UnionFind - Eishaaya/GMRDataStructuresTest GitHub Wiki

Background on Union Find (Disjoint Sets)

  • Union-Find deals with the dynamic connectivity problem, which in itself is related to the graph connectivity problem.

  • The graph connectivity problem is the following: Given an undirected graph G, preprocess the graph so that queries of the form "are nodes P and Q connected?"

  • The dynamic connectivity problem is much harder than the graph connectivity problem.

  • The dynamic connectivity problem states the following: maintain an undirected graph G, so that edges may be inserted and deleted and connectivity queries may be answered efficiently.

  • The goal of the Union-Find data structure is to solve the dynamic connectivity problem.

    • Given a set of N objects, we should be able to connect any two objects, or ask if two objects are connected.
  • In computer science, union-find can also be called the disjoint-set data structure.

  • In computer science and mathematics, two sets are said to be disjoint sets if they have nothing in common.

  • Union-Find will be operating on disjoint sets, it will keep track of set of objects partitioned into a number of disjoint (non-overlapping) subsets.

  • A subset is a set of which all the elements are contained in another set.

    • Example:
      • B = {1, 2, 3}
      • A = {1, 2}
      • A is a subset of B (denoted by ⊆), can also be written as A ⊆ B.
      • If A is a subset of B, and A is not equal to B (i.e. B contains at least one element not inside A), then A is considered a proper subset of B.
  • In our program, the union-find data structure will process a sequence of pairs of values. The pair, (p, q), will represent some two objects p and q. We will also interpret the pair, (p, q), as meaning p is connected (union) to q.
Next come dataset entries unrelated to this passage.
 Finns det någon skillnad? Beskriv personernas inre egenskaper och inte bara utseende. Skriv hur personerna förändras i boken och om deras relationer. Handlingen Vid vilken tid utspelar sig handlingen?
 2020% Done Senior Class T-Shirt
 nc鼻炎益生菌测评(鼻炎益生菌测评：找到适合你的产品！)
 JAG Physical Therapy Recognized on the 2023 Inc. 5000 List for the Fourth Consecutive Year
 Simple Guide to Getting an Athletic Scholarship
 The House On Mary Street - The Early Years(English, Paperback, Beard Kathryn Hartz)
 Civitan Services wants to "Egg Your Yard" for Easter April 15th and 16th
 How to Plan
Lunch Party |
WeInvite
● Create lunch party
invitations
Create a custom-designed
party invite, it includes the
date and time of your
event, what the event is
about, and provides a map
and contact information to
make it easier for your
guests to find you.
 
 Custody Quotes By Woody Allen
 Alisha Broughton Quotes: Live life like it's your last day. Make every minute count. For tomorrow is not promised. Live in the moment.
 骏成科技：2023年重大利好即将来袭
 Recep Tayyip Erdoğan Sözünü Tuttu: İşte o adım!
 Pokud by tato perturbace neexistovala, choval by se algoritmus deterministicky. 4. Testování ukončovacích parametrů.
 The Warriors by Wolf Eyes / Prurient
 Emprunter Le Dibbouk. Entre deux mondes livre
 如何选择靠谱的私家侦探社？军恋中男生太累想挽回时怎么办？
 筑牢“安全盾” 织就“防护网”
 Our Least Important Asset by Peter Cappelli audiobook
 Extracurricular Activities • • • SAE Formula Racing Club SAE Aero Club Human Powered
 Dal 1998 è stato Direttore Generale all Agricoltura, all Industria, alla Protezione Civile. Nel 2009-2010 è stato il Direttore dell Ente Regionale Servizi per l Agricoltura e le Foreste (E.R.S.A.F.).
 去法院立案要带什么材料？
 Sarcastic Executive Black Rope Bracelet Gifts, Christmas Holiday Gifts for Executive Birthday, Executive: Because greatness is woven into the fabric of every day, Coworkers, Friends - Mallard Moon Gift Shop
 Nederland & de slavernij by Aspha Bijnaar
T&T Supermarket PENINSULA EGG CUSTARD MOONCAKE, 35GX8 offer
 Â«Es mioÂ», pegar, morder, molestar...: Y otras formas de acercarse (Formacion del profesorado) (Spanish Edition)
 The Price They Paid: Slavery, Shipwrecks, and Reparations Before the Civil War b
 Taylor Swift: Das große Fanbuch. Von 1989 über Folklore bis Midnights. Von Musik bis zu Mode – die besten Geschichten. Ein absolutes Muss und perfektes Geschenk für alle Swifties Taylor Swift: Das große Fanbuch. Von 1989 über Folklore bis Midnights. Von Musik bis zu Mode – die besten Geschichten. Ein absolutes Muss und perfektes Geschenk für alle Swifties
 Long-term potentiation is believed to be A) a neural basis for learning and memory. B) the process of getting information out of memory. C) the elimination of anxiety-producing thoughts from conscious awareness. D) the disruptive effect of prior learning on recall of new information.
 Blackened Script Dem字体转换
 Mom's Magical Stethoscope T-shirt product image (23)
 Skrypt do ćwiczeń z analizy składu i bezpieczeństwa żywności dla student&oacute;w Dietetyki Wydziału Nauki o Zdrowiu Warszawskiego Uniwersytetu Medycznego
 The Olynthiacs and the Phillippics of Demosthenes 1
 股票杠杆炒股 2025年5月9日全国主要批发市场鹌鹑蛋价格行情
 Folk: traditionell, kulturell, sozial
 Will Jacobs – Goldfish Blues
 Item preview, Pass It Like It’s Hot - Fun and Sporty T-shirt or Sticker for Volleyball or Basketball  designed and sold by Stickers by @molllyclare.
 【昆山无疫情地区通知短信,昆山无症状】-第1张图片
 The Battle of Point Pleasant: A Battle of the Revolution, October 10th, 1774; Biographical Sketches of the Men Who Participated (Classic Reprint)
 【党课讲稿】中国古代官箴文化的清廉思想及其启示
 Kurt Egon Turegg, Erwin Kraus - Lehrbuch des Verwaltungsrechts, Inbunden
    • We assume that p is connected to q is an equivalence relation.
    • An equivalence relation is a binary relation that is reflexive, symmetric, and transitive.
      • Reflexive: p is connected to p.
      • Symmetric: If p is connected to q, then q is connected to p.
      • Transitive: If p is connected to q and q is connected to r, then p is connected to r.
    • An equivalence relation will partition the objects in connected components.
  • The goal of union-find will be to connect the pairs and deal with the dynamic connectivity problem.


Visualization


Implementation


  • We will be implementing the union-find as two distinct algorithms. The first will be known as quick-find, and the second will be known as quick-union.
  • Each of the two algorithms will have two essential components to them. The first is the Union(p,q) command, which will connect two objects together in the set. The second being the Find(p) query, which essentially returns the set that the object belongs to.
  • Quick-Find has to advantage of being fast in its Find query, but it is rather slow in its Union command.
  • Quick-Union is the opposite of quick-find. It is fast in the union of pairs, but slower in finding what set they belong to.
  • Abstractions:
    • Objects can be represented as a set, ex: { 0, 1, 2, 3, 4, 5, 6, 7, 8, 9 }
    • Disjoint sets of objects, ex: { 0, 1, { 2, 3, 4 }, 5, 6, 7, { 8, 9 } }
    • Find query, are 2 and 5 in the same set? ex: { 0, 1, { 2, 3, 4, 5 }, 6, 7, 8, 9 }
    • Union command, merge sets containing 0 and 5:
      • Initial: { 0, 1, { 2, 3, 4, 5 }, 6, 7, 8, 9 }
      • Post Union: { 1, { 0, 2, 3, 4, 5 }, 6, 7, 8, 9 }
    • Connected components refers to the number of disjoint sets.
      • Ex: { 0, 1, { 2, 3, 4, 5 }, { 6, 7, 8, 9 } } has 4 connected components.
      • The 4 sets are: { 0 }, { 1 }, { 2, 3, 4, 5 }, { 6, 7, 8, 9 }

Quick-Find Implementation


public class QuickFind<T>
{

    private int[] sets;        
    private Dictionary<T, int> map;

    public QuickFind(IEnumerable<T> items);

    public int Find(T p) => sets[map[p]];
    public bool Union(T p, T q);
    public bool AreConnected(T p, T q);
    
}
  • The constructor should take in a container of N objects that will make up the disjoint sets.
  • The class should have an integer array to represent the N number of sets.
  • When working with generics, we need a way to map a T value to an integer value, so we need a dictionary to facilitate the mapping.
  • The find query will take in a T value, called p, and return the value in the array which indicates which set p belongs to. It is a fast O(1) time complexity operation.
  • The union command takes in two values, p and q. The goal is to update all the values that are part of set belonging to p, to now belong to set containing q. Can result in O(N) time complexity.
  • AreConnected will be useful to find out if p and q are connected. Additionally, it can be used in Union because we only want to perform the union if p and q are not already connected.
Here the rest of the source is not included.